The M&A transactions have been of three kinds: domestic, such as Tata Group’s acquisition of Air India; increased appetite of foreign players to step-up in India, such as Belgian Proximus Group acquiring a majority stake in Route Mobile; and global ambitions of Indian players, such as Bharti Airtel acquiring a stake in UK’s BT Group.
The acceleration of M&A activities could be significant for India. M&As have powered several economies: M&As as a percentage of GDP over the last 30 years, from 1994 to 2023, for the US has averaged 8.6 per cent, for the UK 9.8 per cent, and for South Korea 3.7 per cent. It has been 2.4 per cent for India, suggesting there is room for M&As to drive India’s growth further.

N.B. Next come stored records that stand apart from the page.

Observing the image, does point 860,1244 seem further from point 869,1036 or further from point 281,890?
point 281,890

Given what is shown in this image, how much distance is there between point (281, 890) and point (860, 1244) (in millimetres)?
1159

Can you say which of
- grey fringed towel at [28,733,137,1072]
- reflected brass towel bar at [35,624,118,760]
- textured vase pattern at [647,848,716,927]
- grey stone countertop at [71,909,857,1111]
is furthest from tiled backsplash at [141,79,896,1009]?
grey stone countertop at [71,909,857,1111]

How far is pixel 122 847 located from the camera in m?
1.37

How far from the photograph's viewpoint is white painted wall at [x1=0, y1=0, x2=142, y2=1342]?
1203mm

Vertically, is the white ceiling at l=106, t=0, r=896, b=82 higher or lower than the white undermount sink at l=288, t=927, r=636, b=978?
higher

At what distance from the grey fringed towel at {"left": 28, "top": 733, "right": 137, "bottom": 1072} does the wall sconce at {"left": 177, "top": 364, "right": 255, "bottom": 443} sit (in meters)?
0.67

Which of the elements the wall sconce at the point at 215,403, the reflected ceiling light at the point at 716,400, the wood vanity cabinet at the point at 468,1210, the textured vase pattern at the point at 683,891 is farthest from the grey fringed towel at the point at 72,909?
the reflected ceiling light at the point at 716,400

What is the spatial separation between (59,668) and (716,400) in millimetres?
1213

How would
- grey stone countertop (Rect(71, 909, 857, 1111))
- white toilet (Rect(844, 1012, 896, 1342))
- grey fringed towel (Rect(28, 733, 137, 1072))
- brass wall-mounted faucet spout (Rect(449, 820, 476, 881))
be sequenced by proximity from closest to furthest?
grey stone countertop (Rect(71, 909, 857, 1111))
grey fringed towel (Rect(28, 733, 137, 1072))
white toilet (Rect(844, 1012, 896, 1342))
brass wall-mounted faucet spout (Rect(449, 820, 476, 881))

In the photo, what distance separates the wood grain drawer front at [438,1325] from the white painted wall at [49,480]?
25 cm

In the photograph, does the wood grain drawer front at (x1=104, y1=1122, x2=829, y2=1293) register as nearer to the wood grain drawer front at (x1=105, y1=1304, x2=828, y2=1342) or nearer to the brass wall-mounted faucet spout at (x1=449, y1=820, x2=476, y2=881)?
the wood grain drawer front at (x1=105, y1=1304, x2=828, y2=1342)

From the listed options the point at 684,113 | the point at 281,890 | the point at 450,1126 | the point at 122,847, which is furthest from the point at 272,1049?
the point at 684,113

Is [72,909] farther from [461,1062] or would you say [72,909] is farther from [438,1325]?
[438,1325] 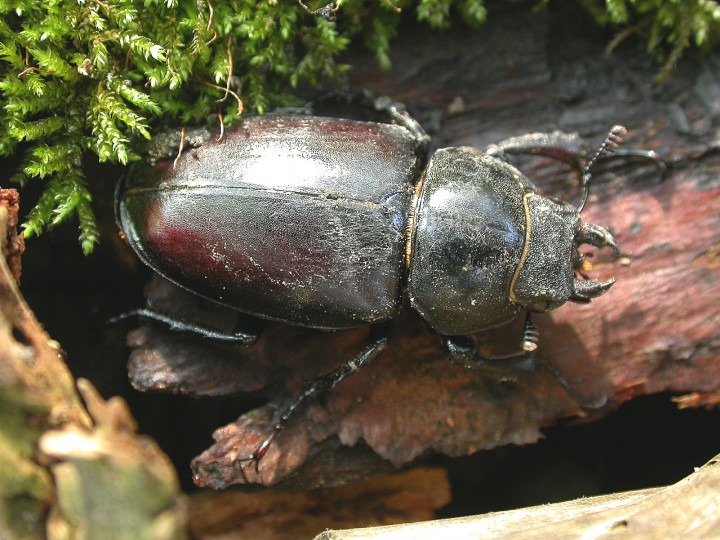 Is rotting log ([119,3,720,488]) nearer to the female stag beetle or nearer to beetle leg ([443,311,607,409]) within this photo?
beetle leg ([443,311,607,409])

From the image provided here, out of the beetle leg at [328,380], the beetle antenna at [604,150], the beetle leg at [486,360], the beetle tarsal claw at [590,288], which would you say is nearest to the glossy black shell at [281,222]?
the beetle leg at [328,380]

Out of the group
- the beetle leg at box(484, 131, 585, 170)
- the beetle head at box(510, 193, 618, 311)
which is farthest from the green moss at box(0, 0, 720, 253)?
the beetle head at box(510, 193, 618, 311)

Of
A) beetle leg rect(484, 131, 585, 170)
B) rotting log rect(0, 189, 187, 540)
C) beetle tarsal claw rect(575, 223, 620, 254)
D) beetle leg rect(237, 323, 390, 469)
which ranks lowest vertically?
beetle leg rect(237, 323, 390, 469)

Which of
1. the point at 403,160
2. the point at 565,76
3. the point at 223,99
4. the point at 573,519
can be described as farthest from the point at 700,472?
the point at 223,99

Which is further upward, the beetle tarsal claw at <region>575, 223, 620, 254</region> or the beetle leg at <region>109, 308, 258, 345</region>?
the beetle tarsal claw at <region>575, 223, 620, 254</region>

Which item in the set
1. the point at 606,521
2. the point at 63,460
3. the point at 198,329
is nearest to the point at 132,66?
the point at 198,329

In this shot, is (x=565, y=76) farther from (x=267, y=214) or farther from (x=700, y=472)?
(x=700, y=472)

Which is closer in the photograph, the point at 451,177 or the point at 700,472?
the point at 700,472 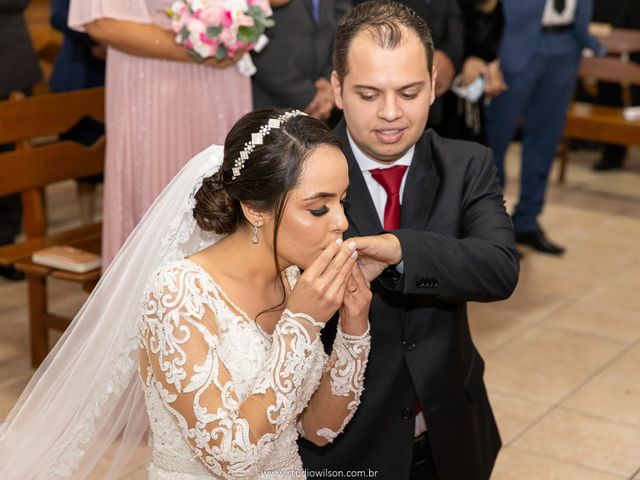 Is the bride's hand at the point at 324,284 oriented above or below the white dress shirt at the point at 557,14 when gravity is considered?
below

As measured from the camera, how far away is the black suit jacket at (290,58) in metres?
4.51

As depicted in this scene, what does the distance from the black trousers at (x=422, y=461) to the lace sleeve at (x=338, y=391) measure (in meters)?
0.24

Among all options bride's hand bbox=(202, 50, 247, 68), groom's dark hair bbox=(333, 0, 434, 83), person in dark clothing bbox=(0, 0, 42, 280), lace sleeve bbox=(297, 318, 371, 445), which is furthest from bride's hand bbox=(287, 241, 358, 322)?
person in dark clothing bbox=(0, 0, 42, 280)

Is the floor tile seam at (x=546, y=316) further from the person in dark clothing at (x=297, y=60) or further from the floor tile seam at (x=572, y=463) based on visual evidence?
the person in dark clothing at (x=297, y=60)

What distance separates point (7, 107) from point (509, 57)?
309 centimetres

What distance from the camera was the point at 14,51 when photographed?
17.9 feet

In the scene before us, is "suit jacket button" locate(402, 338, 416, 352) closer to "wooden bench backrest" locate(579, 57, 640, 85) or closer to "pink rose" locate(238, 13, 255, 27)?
"pink rose" locate(238, 13, 255, 27)

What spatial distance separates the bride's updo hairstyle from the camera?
227 centimetres

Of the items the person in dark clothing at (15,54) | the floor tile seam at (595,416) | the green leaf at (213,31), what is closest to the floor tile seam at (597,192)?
the floor tile seam at (595,416)

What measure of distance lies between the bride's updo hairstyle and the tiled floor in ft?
2.74

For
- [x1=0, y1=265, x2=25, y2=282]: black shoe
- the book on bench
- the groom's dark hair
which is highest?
the groom's dark hair

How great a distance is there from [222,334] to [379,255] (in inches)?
15.6

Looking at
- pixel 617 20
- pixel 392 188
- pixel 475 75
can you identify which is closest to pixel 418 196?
pixel 392 188

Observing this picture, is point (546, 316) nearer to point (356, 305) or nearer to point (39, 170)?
point (39, 170) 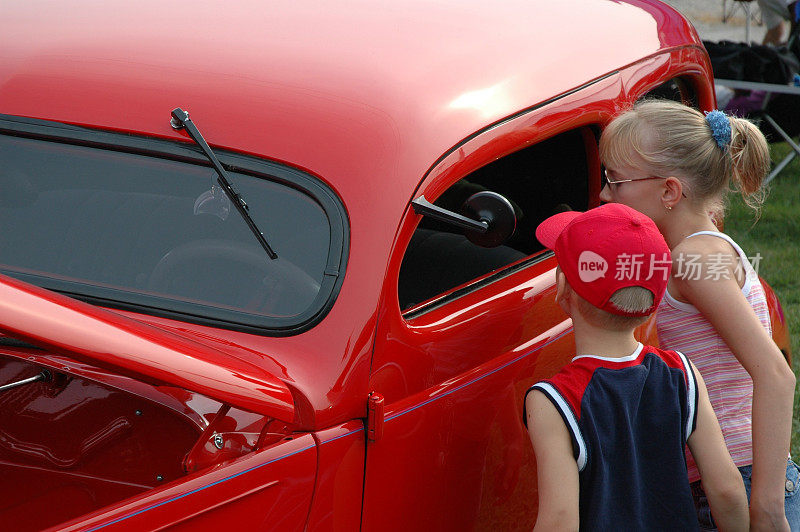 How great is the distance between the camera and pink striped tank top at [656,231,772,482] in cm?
211

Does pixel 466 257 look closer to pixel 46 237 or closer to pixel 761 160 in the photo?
pixel 761 160

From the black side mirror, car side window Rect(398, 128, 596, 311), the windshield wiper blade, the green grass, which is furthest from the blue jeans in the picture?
the green grass

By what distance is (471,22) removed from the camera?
2428 mm

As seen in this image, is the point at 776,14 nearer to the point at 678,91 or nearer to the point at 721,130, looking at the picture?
the point at 678,91

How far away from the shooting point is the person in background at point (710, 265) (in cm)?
196

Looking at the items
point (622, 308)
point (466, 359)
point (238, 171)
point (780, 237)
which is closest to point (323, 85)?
point (238, 171)

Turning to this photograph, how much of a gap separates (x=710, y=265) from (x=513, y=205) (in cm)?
72

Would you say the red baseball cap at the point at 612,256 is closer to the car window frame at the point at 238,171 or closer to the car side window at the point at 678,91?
the car window frame at the point at 238,171

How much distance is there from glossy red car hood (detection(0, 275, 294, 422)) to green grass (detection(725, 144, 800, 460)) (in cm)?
352

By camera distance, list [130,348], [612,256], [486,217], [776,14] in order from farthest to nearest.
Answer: [776,14] < [486,217] < [612,256] < [130,348]

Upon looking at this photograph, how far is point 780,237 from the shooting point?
22.3 ft

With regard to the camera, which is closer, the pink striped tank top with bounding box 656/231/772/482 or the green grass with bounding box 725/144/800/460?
the pink striped tank top with bounding box 656/231/772/482

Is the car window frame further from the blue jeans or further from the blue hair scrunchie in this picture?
the blue jeans

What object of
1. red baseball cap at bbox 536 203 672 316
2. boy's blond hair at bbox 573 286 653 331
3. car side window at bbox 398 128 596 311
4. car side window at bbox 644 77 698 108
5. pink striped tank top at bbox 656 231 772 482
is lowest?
pink striped tank top at bbox 656 231 772 482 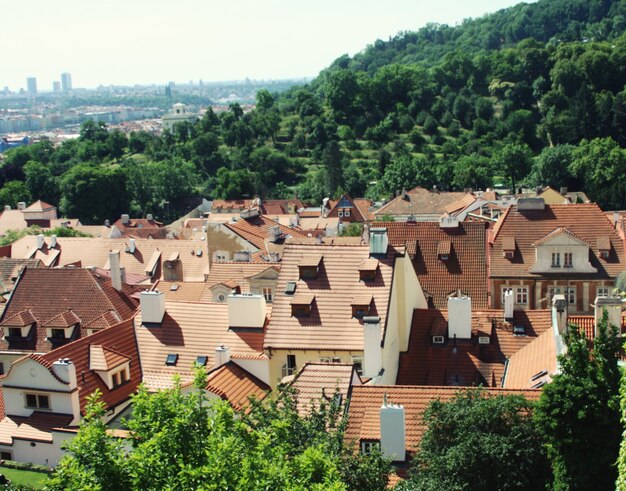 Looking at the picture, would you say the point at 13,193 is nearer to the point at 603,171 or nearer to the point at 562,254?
the point at 603,171

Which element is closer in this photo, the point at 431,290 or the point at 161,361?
the point at 161,361

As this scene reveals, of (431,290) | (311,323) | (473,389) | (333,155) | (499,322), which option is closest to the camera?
(473,389)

M&As could unlock economic progress in India in multiple ways, such as the following:
Impactful scale and exponential growth, through domestic deals: M&As usually consolidate fragmented sectors, increase efficiency, and achieve economies of scale. Strategic acquisitions by Carnegie Steel in the late 19th century, and the attendant synergies, caused annual US steel production to surge from 13,000 tonnes in the 1860s to 11.2 million tonnes in the early 1900s — more than the combined steel production of England & Germany then.
More recently, we have seen the consolidation of R&D, manufacturing platforms, material sourcing and manufacturing bringing significant growth in the global automotive sector, especially during the 1990s. Sectors such as insurance and auto components in India can benefit substantially from consolidation, bringing more efficiency, R&D intensity, and, indeed, stronger players.
Capital availability and infrastructure development support, through foreign players’ stepped-up India play: M&As enable availability of essential capital to a country for scaling infrastructure and boosting productivity. Investments in infrastructure-related sectors through M&As have driven overall economic growth in several countries, it unlocks the pace and scale of capital that may not otherwise have been accessible to local infrastructure developers. For example, Brookfield acquired Jio’s 1,35,000 communication towers in a 30-year agreement for $3.4 billion, boosting Jio’s 5G potential and unlocking capital for Jio’s further growth in telecom.
Open doors to new markets and technology, through global ambitions of Indian players: M&A can give companies immediate access to new markets and help achieve ambitious expansion plans. Acquisitions also pave the way for organisations to receive and embrace advanced technologies and innovation that can transform their processes and products.
Plug portfolio gaps, creating a more holistic, competitive Indian brand to reckon with globally: Strategic and bold overseas M&As have paved the way for Indian companies to enter new markets, and segments. For example, Tata’s acquisition of Jaguar Land Rover has enhanced its global play and presence in the luxury car segment.
Programmatic M&A, which is when companies pursue multiple small or medium-size acquisitions to achieve specific growth, innovation and/or efficiency objectives, with distinctive execution across all stages of M&A — from strategy and sourcing to due diligence, deal and integration — plays a critical role in driving growth. It can complement organic growth and propel India towards its aspiration of going beyond a $30 trillion economy by 2047.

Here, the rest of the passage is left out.